Abdel-Wahed El-Wakil graduated from Ain-Shams University in Cairo, where, from 1965 to 1970, he lectured in the Department of Architecture. El-Wakil has acknowledged the importance of Hassan Fathy to his design development. Since 1971 El-Wakil has been in private practice as an architect. (Source: Architecture and Community: Building in the Islamic World Today. The Aga Khan Award for Architecture. Millerton, NY: Aperture. 1983.)
Qiblatain mosque is part of a larger programme of mosque construction initiated by the Ministry of Hajj and Awkaf. Under this programme, a series of large and small mosques were built, each of which referred to traditional architectural language and vocabulary as their source of inspiration. The site of the mosque is of particular religious significance to Muslims worshippers praying at Qiblatam are said to have first changed their direction of prayer from the qibla in Jerusa1em to the qibla in Mecca in accordance with Divine Will. The design, ornamentation and detailing of the new mosque is aimed at enhancing the sense of history and sanctity, and at creating an appropriate atmosphere for meditation for millions of pilgrims visiting the site every year.
The triangular shaped site is situated to the west of Medina. The land is largely flat with a slight slope in the southeast corner and an 83m frontage to the adjacent main road. The existing 30 year old, reinforced concrete structure was demolished to clear the site for the new mosque.
Qiblatain mosque can accommodate up to 2000 worshippers. The mair prayer hall adopts rigid orthogonal geometry and symmetry which is accentuated by the use of twin minarets and twin domes. Living accommodations for the Imam, the Muezzin and the caretaker are discreetly grouped it one block to the west of the main structure. The difference in level at the southeast corner of the site has been exploited to incorporate a sub-basement level which serves as the ablutions area for worshippers. To the north, where the ground level is lower, the prayer hall is raised one-storey above ground level. Entry to the prayer hall is from the raised courtyard, also to the north, which can be reached by stairs and ramps from the main directions of approach. The prayer hall consists of a series of arches which support barrel-vaults running parallel to the qibla wall.

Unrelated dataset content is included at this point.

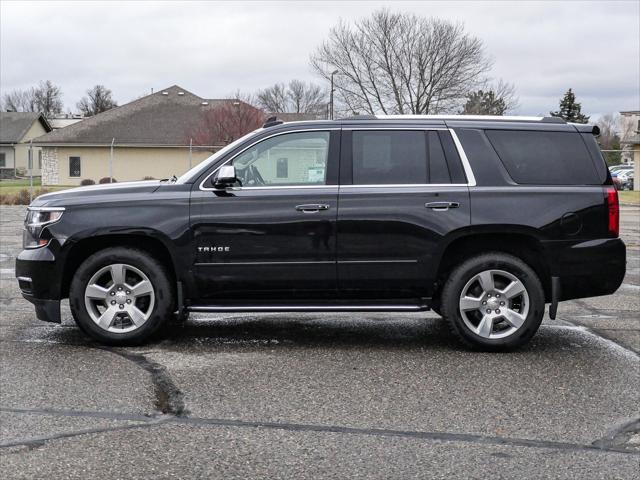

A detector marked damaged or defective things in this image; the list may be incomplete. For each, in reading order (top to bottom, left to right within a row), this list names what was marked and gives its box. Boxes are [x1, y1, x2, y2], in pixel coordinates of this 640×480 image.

cracked pavement [0, 204, 636, 478]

These vaults are interrupted by two domes which establish an axis in the direction of Mecca. The main dome to the south is raised on a drum of clerestory windows which allow light to filter into the interior directly above the mihrab. The second, false dome is linked to the first by a small cross-vault to symbolise the transition from one qibla to another. Below it, a replica of the mihrab found in the lower chamber of the Dome of the Rock in Jerusalem reminds onlookers of the oldest extant mihrab of Islam. Externally, the architectural vocabulary is inspired by traditional elements and motifs in a deliberate effort to offer an authentic image for an historic site.